Delisting or Suspension of Trading in the Depository Receipts of the Reference Asset and Termination of the Reference Asset
If the depository receipts of the Reference Asset are delisted from, or trading of depository receipts of the Reference Asset is suspended on, the relevant exchange and a major U.S. exchange or market lists or approves for trading successor or substitute securities that the Calculation Agent determines, in its sole discretion, to be comparable to the depository receipts of the Reference Asset (any such trading successor or substitute securities, the “successor shares”), such successor shares will be deemed to be the Reference Asset for all purposes relating to the notes, including for purposes of determining whether a market disruption event exists.  Upon any selection by the Calculation Agent of successor shares, the Calculation Agent will cause notice thereof to be furnished to us and the trustee and we will provide notice thereof to the registered holders of the notes.

If a termination event (as defined below) occurs, the Calculation Agent shall accelerate the Maturity Date to the day which is five business days after the announcement date (as defined below).  On the accelerated Maturity Date, the issuer shall pay to each noteholder the Payment at Maturity and for the purposes of that calculation, the Final Value of the Reference Asset will be deemed to be the Closing Market Price on the scheduled trading day immediately prior to the announcement date.  In addition, the Calculation Agent shall adjust the Payment at Maturity for the value of the imbedded options that would preserve for a holder of notes the economic equivalent of any remaining payment obligations with respect to the notes hereunder.  The “announcement date” means the day of the first public announcement of a termination event.
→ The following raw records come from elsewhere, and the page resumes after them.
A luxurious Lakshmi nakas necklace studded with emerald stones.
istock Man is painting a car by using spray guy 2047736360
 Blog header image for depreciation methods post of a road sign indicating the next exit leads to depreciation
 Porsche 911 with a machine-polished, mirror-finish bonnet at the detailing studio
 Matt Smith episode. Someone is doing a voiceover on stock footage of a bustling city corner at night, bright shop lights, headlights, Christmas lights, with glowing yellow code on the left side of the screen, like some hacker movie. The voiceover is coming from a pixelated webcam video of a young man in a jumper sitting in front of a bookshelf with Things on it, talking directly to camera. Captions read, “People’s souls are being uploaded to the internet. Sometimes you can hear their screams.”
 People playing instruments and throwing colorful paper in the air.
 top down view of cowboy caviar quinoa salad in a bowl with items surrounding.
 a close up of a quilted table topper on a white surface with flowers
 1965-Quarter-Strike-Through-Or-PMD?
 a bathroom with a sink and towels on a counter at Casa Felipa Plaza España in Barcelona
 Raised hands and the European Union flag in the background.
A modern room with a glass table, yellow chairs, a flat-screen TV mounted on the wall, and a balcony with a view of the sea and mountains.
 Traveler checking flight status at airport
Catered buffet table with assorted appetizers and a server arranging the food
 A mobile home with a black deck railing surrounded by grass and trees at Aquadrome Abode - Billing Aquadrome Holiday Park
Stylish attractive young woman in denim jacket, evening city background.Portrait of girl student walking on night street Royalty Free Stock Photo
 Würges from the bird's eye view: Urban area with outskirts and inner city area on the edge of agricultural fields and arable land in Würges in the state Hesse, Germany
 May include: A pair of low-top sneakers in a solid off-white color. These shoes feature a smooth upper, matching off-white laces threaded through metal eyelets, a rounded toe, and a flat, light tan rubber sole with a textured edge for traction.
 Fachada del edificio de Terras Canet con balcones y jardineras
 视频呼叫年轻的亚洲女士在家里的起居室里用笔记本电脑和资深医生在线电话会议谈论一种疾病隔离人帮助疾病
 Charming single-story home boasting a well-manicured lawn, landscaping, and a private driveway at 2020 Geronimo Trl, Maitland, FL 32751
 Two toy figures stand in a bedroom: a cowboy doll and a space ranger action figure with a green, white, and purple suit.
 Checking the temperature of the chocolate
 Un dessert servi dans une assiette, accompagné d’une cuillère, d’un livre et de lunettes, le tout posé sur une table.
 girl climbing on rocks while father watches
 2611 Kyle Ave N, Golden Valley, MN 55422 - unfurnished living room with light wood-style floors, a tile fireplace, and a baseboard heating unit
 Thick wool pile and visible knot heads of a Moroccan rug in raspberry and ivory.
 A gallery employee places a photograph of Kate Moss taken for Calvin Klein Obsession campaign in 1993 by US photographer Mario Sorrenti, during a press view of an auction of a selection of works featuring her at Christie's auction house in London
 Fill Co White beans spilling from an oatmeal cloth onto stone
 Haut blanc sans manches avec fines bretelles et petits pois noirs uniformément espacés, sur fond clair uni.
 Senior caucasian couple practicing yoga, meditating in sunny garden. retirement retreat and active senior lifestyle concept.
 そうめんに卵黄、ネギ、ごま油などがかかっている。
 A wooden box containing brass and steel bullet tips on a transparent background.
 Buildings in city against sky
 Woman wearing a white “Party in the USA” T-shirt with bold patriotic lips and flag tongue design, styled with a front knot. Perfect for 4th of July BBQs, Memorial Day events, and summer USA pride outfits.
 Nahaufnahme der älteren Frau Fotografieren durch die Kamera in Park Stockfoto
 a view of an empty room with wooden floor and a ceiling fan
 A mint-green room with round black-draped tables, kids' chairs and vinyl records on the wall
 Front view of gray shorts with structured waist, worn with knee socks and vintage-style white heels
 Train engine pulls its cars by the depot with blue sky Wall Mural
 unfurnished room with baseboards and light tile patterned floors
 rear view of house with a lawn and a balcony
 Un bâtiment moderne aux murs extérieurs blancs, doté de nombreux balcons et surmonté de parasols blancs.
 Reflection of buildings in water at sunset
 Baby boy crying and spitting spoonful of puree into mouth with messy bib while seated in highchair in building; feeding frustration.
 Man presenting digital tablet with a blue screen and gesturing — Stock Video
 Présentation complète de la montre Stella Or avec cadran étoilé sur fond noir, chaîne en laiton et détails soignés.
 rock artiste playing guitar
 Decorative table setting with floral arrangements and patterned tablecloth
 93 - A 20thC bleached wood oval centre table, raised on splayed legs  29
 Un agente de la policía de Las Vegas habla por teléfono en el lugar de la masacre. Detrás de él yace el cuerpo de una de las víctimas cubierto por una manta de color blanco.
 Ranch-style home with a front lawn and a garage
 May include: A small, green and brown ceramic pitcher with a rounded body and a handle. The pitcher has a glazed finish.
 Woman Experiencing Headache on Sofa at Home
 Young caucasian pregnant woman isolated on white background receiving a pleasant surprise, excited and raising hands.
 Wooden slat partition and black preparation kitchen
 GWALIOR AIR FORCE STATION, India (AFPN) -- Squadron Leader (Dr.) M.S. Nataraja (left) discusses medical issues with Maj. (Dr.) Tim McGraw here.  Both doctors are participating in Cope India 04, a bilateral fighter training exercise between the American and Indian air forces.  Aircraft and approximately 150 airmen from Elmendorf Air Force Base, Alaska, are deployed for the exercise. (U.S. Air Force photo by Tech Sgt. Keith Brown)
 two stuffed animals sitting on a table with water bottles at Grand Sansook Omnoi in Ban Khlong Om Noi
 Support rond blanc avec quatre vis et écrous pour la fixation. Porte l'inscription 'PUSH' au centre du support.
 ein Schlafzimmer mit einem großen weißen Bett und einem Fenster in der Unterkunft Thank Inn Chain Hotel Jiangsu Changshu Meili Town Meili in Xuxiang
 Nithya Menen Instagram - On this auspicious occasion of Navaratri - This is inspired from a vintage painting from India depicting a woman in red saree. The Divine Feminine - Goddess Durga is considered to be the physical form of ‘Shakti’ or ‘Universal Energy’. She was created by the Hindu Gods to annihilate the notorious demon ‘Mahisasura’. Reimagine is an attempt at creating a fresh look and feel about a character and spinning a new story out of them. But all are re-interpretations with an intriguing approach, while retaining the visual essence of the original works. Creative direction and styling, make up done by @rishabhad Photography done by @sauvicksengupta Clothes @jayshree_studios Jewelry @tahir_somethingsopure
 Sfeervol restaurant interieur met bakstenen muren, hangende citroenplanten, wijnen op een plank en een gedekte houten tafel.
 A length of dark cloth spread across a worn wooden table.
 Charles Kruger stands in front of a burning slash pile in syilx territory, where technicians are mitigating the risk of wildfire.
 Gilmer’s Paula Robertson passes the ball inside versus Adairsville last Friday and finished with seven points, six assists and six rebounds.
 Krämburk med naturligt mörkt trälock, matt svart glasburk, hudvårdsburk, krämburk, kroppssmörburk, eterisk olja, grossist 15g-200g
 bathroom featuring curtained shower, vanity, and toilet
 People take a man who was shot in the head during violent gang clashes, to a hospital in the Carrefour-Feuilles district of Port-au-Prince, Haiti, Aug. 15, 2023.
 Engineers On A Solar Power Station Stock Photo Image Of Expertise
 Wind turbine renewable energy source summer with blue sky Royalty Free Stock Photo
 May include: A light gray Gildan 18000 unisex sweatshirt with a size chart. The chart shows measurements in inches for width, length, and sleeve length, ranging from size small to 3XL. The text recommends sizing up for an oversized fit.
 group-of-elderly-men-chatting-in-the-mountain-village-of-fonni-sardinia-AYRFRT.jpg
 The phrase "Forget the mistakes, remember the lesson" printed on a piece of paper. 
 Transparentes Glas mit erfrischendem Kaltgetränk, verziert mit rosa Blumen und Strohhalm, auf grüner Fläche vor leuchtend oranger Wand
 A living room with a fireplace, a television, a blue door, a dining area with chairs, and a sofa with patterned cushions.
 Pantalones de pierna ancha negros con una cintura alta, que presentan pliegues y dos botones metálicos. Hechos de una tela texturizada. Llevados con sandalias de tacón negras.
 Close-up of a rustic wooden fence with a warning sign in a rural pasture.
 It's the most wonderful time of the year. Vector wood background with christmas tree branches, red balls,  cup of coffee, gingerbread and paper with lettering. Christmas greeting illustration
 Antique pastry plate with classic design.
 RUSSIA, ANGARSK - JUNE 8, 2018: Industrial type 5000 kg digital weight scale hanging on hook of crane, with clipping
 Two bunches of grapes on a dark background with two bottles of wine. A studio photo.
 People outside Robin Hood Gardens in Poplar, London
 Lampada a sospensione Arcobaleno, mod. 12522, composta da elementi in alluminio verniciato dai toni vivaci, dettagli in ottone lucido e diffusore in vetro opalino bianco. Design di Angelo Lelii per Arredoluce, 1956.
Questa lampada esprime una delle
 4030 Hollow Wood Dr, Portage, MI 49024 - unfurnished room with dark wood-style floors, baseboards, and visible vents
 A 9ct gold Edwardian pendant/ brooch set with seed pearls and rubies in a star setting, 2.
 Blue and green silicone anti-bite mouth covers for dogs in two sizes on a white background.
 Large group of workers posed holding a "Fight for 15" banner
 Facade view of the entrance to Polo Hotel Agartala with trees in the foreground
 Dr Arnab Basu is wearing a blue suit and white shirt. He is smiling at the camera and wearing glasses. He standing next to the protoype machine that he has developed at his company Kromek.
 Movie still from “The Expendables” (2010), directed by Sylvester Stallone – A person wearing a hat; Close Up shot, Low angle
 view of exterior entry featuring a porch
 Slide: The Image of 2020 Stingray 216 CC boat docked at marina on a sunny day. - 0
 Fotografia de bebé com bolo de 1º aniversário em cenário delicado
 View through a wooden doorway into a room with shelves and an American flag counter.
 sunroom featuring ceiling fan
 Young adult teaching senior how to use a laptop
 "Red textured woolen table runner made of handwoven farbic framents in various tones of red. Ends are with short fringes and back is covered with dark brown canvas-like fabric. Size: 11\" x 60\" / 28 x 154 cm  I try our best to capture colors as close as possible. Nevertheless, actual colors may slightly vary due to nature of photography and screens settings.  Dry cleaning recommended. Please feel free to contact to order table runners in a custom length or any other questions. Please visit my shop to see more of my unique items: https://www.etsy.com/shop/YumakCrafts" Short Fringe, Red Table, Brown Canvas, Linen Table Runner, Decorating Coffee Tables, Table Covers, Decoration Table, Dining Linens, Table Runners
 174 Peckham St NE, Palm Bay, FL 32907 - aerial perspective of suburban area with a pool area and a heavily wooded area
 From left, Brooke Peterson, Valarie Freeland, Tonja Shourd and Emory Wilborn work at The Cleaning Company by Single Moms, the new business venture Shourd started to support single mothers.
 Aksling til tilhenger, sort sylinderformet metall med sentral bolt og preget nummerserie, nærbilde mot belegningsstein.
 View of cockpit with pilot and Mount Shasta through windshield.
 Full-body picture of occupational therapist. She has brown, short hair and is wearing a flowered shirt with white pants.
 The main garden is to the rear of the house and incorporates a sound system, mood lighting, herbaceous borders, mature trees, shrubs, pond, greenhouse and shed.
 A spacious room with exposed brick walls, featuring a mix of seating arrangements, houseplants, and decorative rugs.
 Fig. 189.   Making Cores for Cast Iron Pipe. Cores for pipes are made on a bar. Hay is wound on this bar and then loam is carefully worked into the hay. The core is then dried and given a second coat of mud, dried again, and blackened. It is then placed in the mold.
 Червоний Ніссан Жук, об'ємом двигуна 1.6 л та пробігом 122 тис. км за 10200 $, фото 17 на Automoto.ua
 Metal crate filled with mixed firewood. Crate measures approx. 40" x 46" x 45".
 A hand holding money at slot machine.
The Calculation Agent will cause notice of the termination event and calculation of the final price as described above to be furnished to us and the trustee and we will provide notice thereof to registered holders of the notes.

A “termination event” means the occurrence of any event which would result in a dissolution of the Reference Asset and a distribution of all underlying depository receipts of the Reference Asset to holders of the Reference Asset, including, but not limited to:
(a) a delisting from trading of the Reference Asset on the relevant exchange whereby successor shares that the Calculation Agent determines to be comparable to the depository receipts of the Reference Asset are not listed or approved for trading on a major U.S. exchange or market;
(b) the resignation of the trustee of the reference without the appointment of a successor trustee;
(c) the vote of 75% of owners of the Reference Asset vote to dissolve and liquidate the Reference Asset; and
(d) any other event that would lead to the termination or liquidation of the Reference Asset.

Notwithstanding the above alternative arrangements, the liquidation or termination of the Reference Asset may adversely affect the market value of the notes.

All determinations made by the Calculation Agent will be at the sole discretion of the Calculation Agent and will be conclusive for all purposes and binding on the holders of notes, absent manifest error.

Supplemental Plan of Distribution (Conflicts of Interest)
 
Pursuant to the terms of a distribution agreement, HSBC Securities (USA) Inc., an affiliate of HSBC, will purchase the notes from HSBC for distribution to J.P. Morgan Securities Inc.  J.P. Morgan Securities Inc. will act as placement agent for the notes and will receive a fee that will not exceed $5.00 per $1,000 principal amount of notes.
 
In addition, HSBC Securities (USA) Inc. or another of its affiliates or agents may use the pricing supplement to which this free writing prospectus relates in market-making transactions after the initial sale of the notes, but is under no obligation to do so and may discontinue any market-making activities at any time without notice.
 
See “Supplemental Plan of Distribution” on page S-52 in the prospectus supplement.